Reputation: 6806

What's the regex for removing dots in acronyms but not in domain names?

I want to remove dots in acronyms but not in domain names in a python string. For example, I want the string

'a.b.c. [email protected] http://www.test.com'

to become

'abc [email protected] http://www.test.com'

The closest regex I made so far is

re.sub('(?:\s|\A).{1}\.',lambda s: s.group()[0:2], s)

which results to

'ab.c. [email protected] http://www.test.com'

It seems that for the above regex to work, I need to change the regex to

(?:\s|\A|\G).{1}\.

but there is no end of match marker (\G) in python.

EDIT: As I have mentioned in my comment, the strings have no specific formatting.
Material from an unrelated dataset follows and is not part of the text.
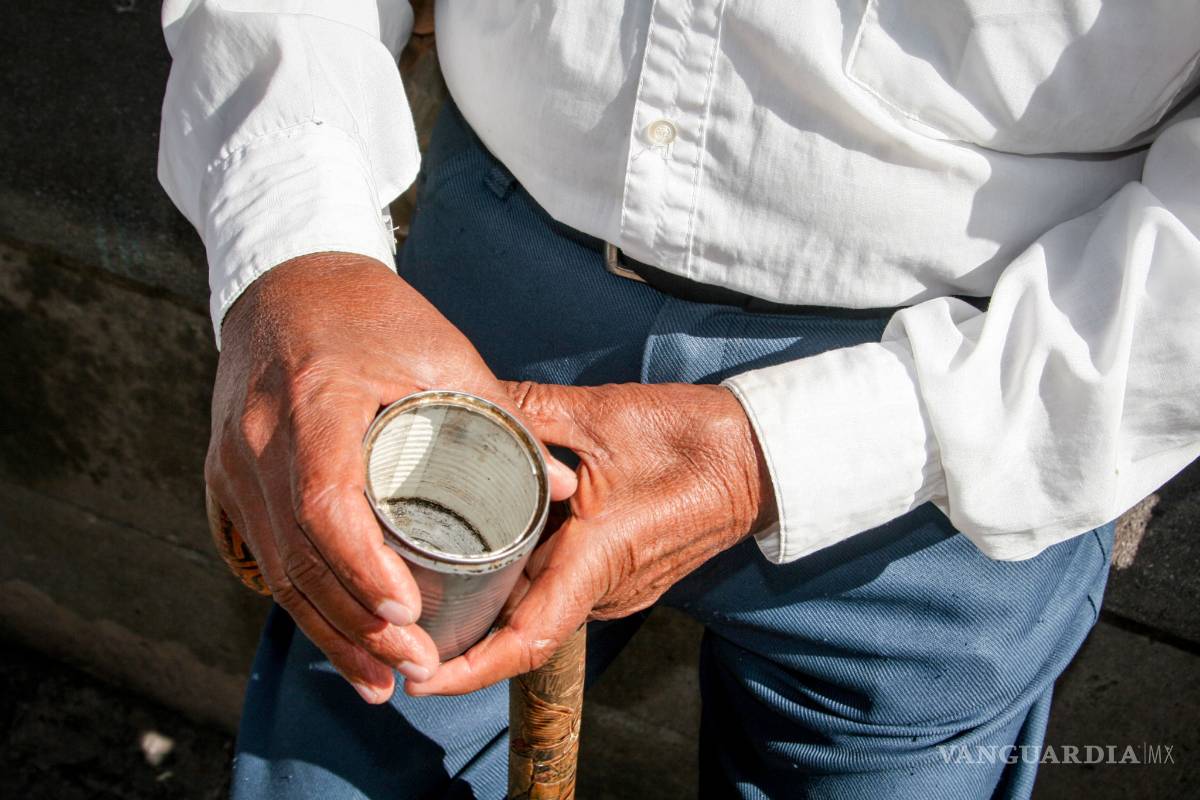 Saltillo podría regular el ‘boteo’ en las calles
These strings contain informal human conversations and so may contain zero, one or several acronyms or domain names. A few errors is fine by me if it would save me from coding a "real" parser.

Upvotes: 1

Answers (6)

Anon

Reputation: 12548

A non-regex way:

>>> S = 'a.b.c. [email protected] http://www.test.com'
>>> ' '.join(w if '@' in w or ':' in w else w.replace('.', '') for w in S.split())
'abc [email protected] http://www.test.com'

(Requires spaces to split on, though - so if you had something like commas with no spaces it could miss some.)

Upvotes: 1

Christian Alis

Reputation: 6806

The following worked for me (with thanks to Bart for his answer):

re.sub('\.(?!(\S[^. ])|\d)', '', s)

This will not remove a dot if it is the first character in a word or acronym.

Upvotes: 1

Bryan Oakley

Reputation: 386285

I suggest you split the string at '@' (or whatever character makes sense), do the substitution on the first part, then put the string back together. I think that will show the intent of the code better than a complex regexp. Something like this, perhaps:

string='a.b.c. [email protected] http://www.test.com'
left, rest = string.split("@",1)
left = left.replace(".","")
result="%s@%s" % (left, rest)

Upvotes: 2

Head Geek

Reputation: 39878

Not as elegant as a simple re.sub(), but try this:

import re

s='a.b.c. [email protected] http://www.test.com'
m=re.search('(.*?)(([a-zA-Z]\.){2,})(.*)', s)

if m:
    replacement=''.join(m.group(2).split('.'))
    s=m.group(1)+replacement+m.group(4)

print s

It assumes that there's no more than one acronym per string, but you could always run it repeatedly.

Upvotes: 0